◆ PROBLEM DETAILS ◆
Transcribe the entries below exactly, starting with the line that has "Skoda Yeti (5L)" and stopping after the line that has "Scorpion / スコーピオンエキゾースト"; no pictures belong in the copy.

◆ ENTRIES SHOWN ◆

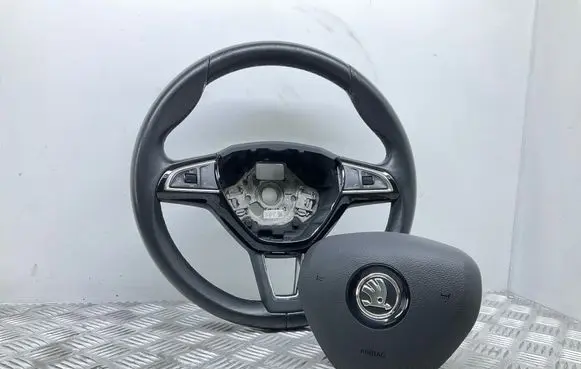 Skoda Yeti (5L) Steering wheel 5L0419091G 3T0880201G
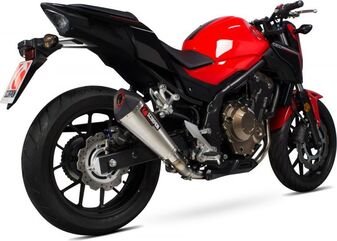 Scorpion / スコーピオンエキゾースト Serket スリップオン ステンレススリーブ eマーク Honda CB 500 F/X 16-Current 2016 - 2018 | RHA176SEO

...

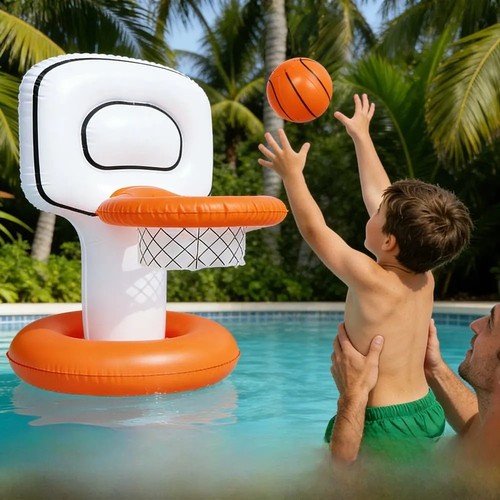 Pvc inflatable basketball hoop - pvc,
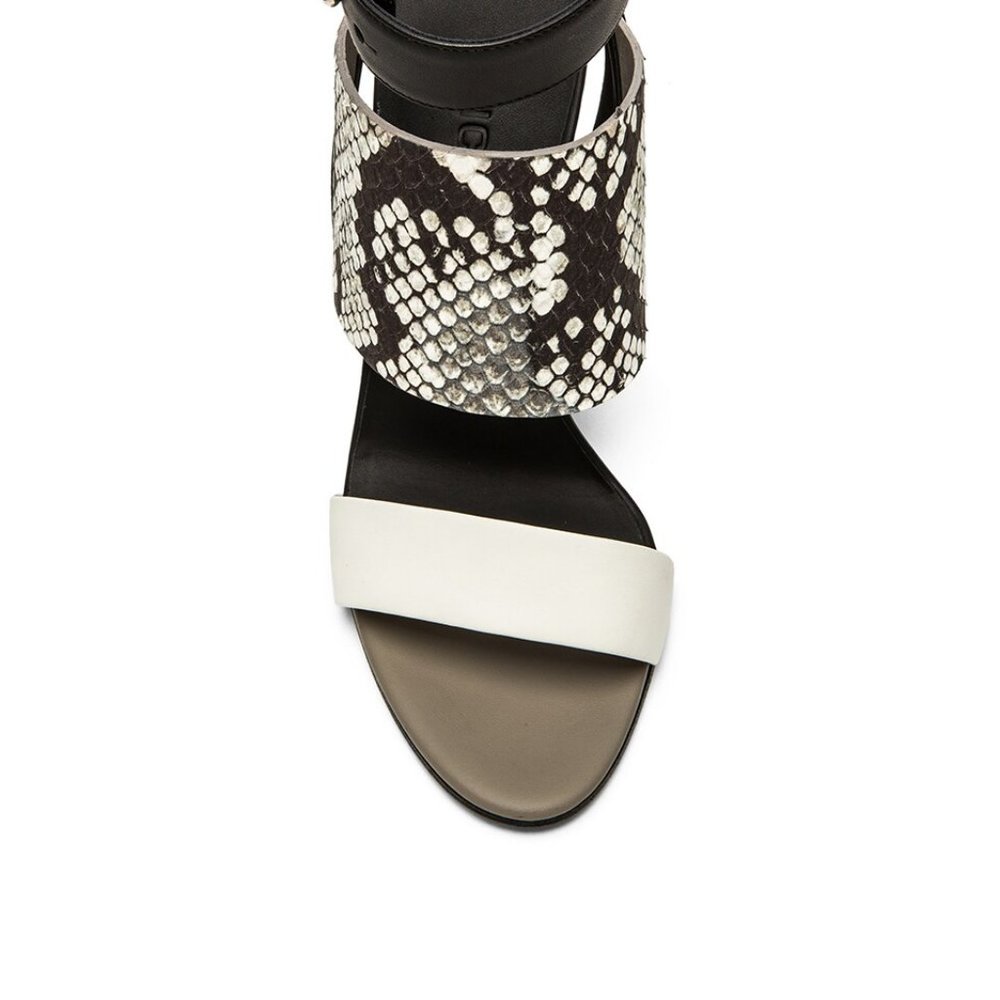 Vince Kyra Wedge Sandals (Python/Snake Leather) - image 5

◆ RESPONSE BELOW ◆
 Skoda Yeti (5L) Steering wheel 5L0419091G 3T0880201G
 Scorpion / スコーピオンエキゾースト Serket スリップオン ステンレススリーブ eマーク Honda CB 500 F/X 16-Current 2016 - 2018 | RHA176SEO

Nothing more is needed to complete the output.